Duh, Mickey. Drinking equals throwing up. Ugh.
“Sorry about that.”
“No apology necessary. It happens to the best of us, right?” Cale paused, a delicious smile tugging at the corners of his mouth. “Besides, I’m the one should be thanking you.”
“For the best entertainment I’ve had in ages.”
Mickey blushed at the implication. “About that, Cale.” Staring down at her coffee, she felt shame wash over her. “Not that it matters but I just want you to know I don’t do this often.” She gave a short, nervous laugh before making a sheepish confession, “This was actually my first time.”
“First time doing what?”
Mickey looked up to find Cale regarding her with a puzzled expression, his head tilted to one side. “Oh, I don’t mean that,” she went on in a hurry. “Don’t worry, Cale.” Reaching over the table, she patted his forearm in a comforting manner before continuing, “I’m not a virgin or anything. I’ve just never had a one-night stand before, that’s all.”
Cale laughed. “Thanks for the intel, Mickey, but I’m happy to report your perfect record remains unscathed.”
She was utterly confused now. “What do you mean?”
Holding her gaze, his voice was steady as he said, “I mean we didn’t sleep together.”
“But how is that possible?”
“How is it possible?” Cale echoed in disbelief. “We didn’t sleep together. Do you need a detailed account of what exactly didn’t happen?”
Mickey’s mind began to race.
Why? Was it because of the wheelchair?
Her gaze trailed downward until she was staring through the table at Cale’s groin.
Nope, no x-ray vision today.
“I’m so sorry, I didn’t r-realize you c-couldn’t…”
Welcome back, stammer.
“Couldn’t what?” he snorted indignantly. “Take advantage of you?”
Mickey swallowed the lump in her throat and nodded. “But we did do other things.”
Her eyes shot up to meet his. “No?” she squeaked.
Great. More squeaking.
Cale’s eyes bore into hers. “Nothing.”
He shook his head. “Not even a kiss.”
Her eyes flitted down to Cale’s lips for a second and she felt a twinge of disappointment.

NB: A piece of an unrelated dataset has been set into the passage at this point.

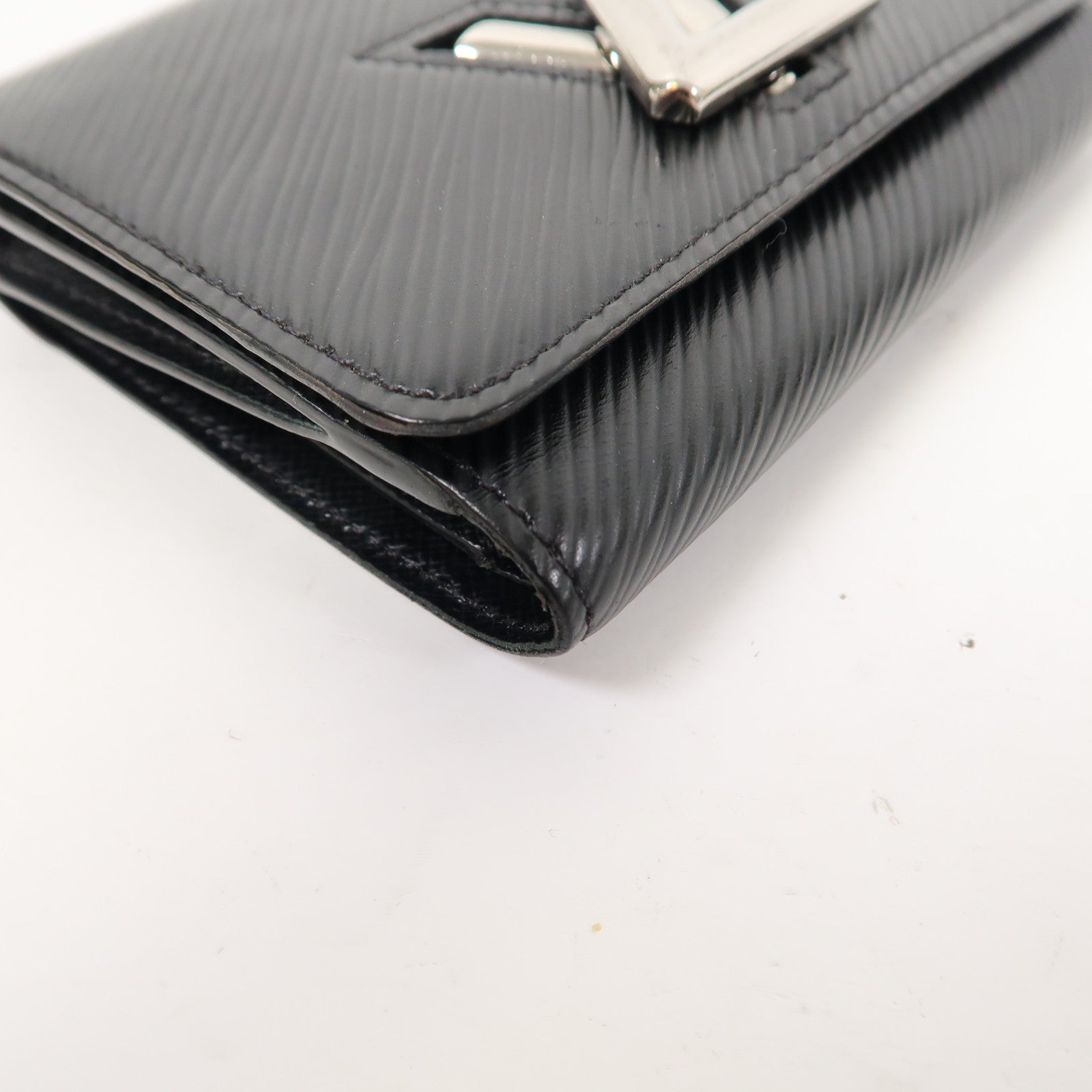 LOUIS VUITTON Epi Twist Compact Trifold Wallet銀扣錢包黑色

Back to his eyes. “But you said I was entertaining.”
“Drunk people often are.”
“You undressed me.”
Cale stiffened at the accusation but his voice remained low as he explained, “That was out of necessity and if we want to get technical, I only dressed you. You did the undressing all by yourself.”
“I slept in your bed.”
“I slept on the couch.”
At Mickey’s incredulous expression, Cale scowled and pushed away from the table. Wheeling over to the couch, he swung around to the front and produced an oversized cobalt blue pillow, waving it in the air. “Satisfied?”
Wow. Mind blown.
By the time he’d wheeled back over, Mickey was banging her forehead against the table, groaning loudly.

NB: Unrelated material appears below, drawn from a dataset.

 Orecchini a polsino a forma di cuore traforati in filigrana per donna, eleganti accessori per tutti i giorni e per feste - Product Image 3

“You’re going to put a dent in my furniture,” Cale teased. “Or worse yet, in your pretty little head.”
The banging ceased but the groans persevered. “Why do I always make a fool out of myself in front of good-looking men?”
That granted her an already familiar chuckle. “So I’m a good-looking man?”
She blushed for the umpteenth time and muttered, “Point proven.”
Cale’s laughter intensified as he rolled back under the table. “More importantly, we’ve proven I’m not a serial killer, so you can relax and finish your coffee now.”
“I never thought you were a serial killer.”
“No.” Cale winked. “Just a womanizing jackass, right?”
Mickey peeked up with a rueful smile. “Something like that.”